Captioned web images:
::::::
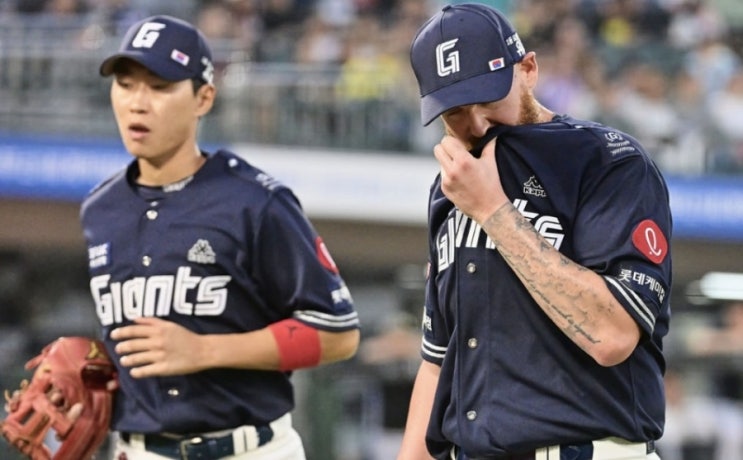 2023시즌 KBO 국내 프로야구 분석 6/14일 롯데 한화 키움 KIA기아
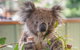 2-Day Great Ocean Road, Mornington Peninsula And Phillip Island Tour - thumb 2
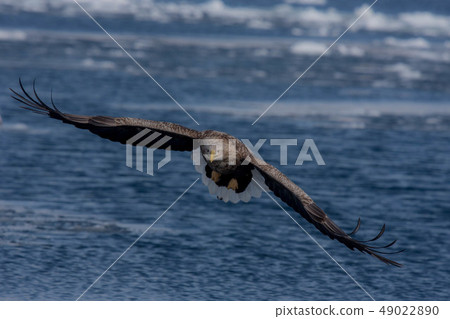 Shiretoko winter 49022890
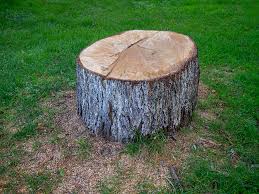 Best Tree Mulching  in Rolling Hills Estates, CA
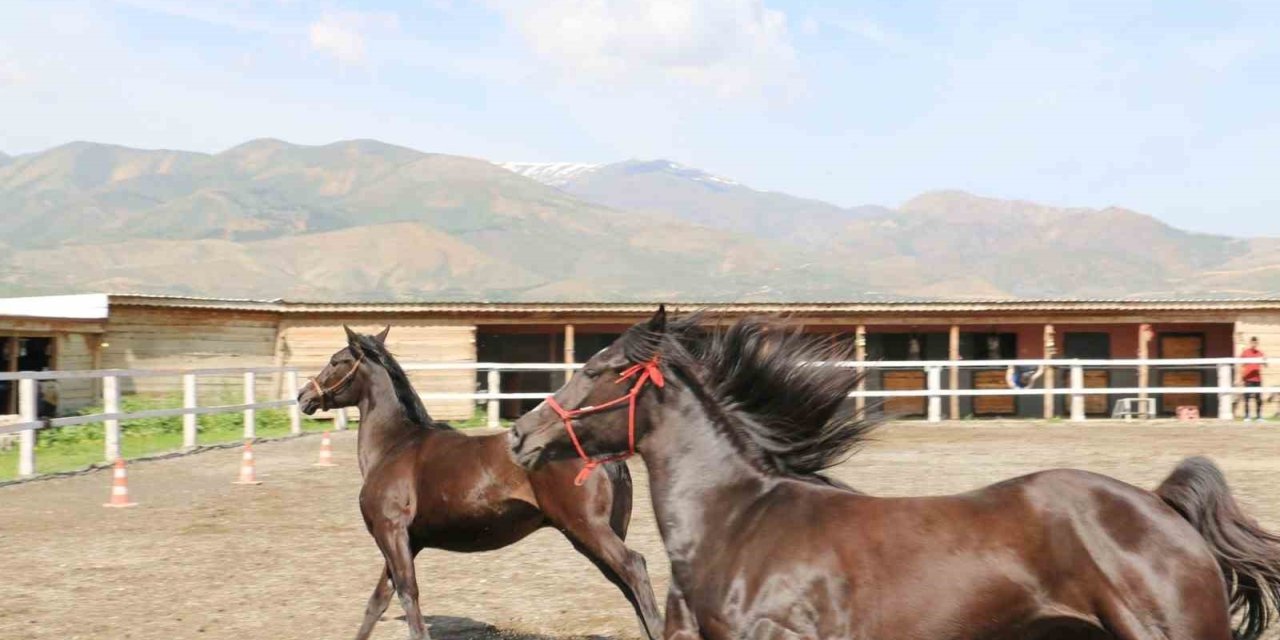 Koçaker, atlı spor kulübünde incelemelerde bulundu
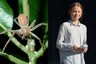 Newly Discovered Spider Species Named After Climate Change Activist Greta Thunberg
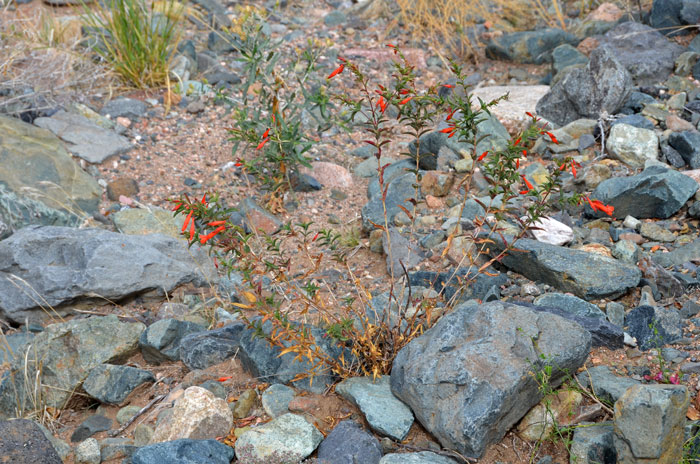 Epilobium canum, Hummingbird Trumpet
::::::
- Exercise requirements -
Give back exactly the lines from the line with "Newly Discovered Spider" through the end of the records, both included; keep all pictures out.

- Solution to this problem -
 Newly Discovered Spider Species Named After Climate Change Activist Greta Thunberg
 Epilobium canum, Hummingbird Trumpet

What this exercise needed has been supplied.